Globally, the numbers are also a big cause for concern.
- Only 9% of all plastic waste created has ever been recycled.
- Eight million tonnes of plastic leak into the ocean every year.
- With a business as usual scenario, according to research done by the Ellen MacArthur Foundation, by 2050 there could be more plastics than fish in the ocean by weight.
- Due to plastic production still increasing, the most ambitious commitments by governments and industry will reduce the annual volume of plastic flowing into the ocean by only about 7% by 2040.
Why just 9%?
Why has only 9% of all plastic ever made been recycled? There are many contributing factors. For starters, many people and businesses still don’t make efforts to separate plastic from other waste. Whole nation’s export their plastic to be recycled without checking if that actually happens. Some plastic packaging – crisp packets for example – are multi-laminates, with other materials including paper or aluminium combined with the plastic meaning it cannot be processed in the recycling system. Other packaging such as flexibles are not economic to recycle. Plastic contaminated with food won’t be recycled either.

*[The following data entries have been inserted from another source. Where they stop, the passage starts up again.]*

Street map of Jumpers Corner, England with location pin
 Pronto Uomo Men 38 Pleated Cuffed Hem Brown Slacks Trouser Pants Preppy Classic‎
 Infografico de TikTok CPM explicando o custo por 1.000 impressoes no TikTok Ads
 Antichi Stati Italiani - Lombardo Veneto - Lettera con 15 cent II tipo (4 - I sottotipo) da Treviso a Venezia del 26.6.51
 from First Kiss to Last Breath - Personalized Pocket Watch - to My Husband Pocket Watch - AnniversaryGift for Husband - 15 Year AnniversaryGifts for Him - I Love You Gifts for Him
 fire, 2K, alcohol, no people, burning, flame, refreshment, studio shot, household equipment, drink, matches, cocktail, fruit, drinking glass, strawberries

Only clean plastic makes it through the system.
Recycling alone won’t get us out of the waste crisis
Due to the rate of our consumption of plastic – past and present – environmentalists are calling on citizens to do more than just recycle. We also need to reduce consumption, reuse plastics and develop compostable packages. The Zero Waste Cities approach “is a continuous effort to phase out waste – not by burning or landfilling it – but instead by creating and implementing systems that do not generate waste in the first place”.
When it comes to the difficult-to-recycle plastics, compostable packaging is a readily available solution in developed countries. Where flexible plastic packaging was once necessary to protect shelf-life, compostable packaging now provides a better solution. The World Economic Forum reports, “A recent study found that microperforated compostable packaging extended the shelf-life of cucumbers by five days when compared to conventional plastic packaging. And if the food isn’t eaten before it goes bad, the packaging can be disposed of in food waste bins to be composted alongside it.” Research and development efforts mean compostable packaging’s applications are only growing, making them a viable solution to flexible plastic packaging, bags, pouches and more.
The SA Plastics Pact Roadmap to 2025
The SA Plastics Pact has developed a common vision of a circular economy for plastics to address plastic waste and pollution at its source. The Roadmap sets targets for businesses regarding their policies and procedures. Calling on them to change the way they design, use and reuse plastic packaging to keep these plastics in the economy and out of the environment. All plastic packaging under the SA Plastics Pact members’ Control, for example, should be designed to be reusable, recyclable or compostable in the South African context. Their vision is also for South African consumers to be educated on plastic packaging, value circular plastics and are active in keeping plastics out of the environment.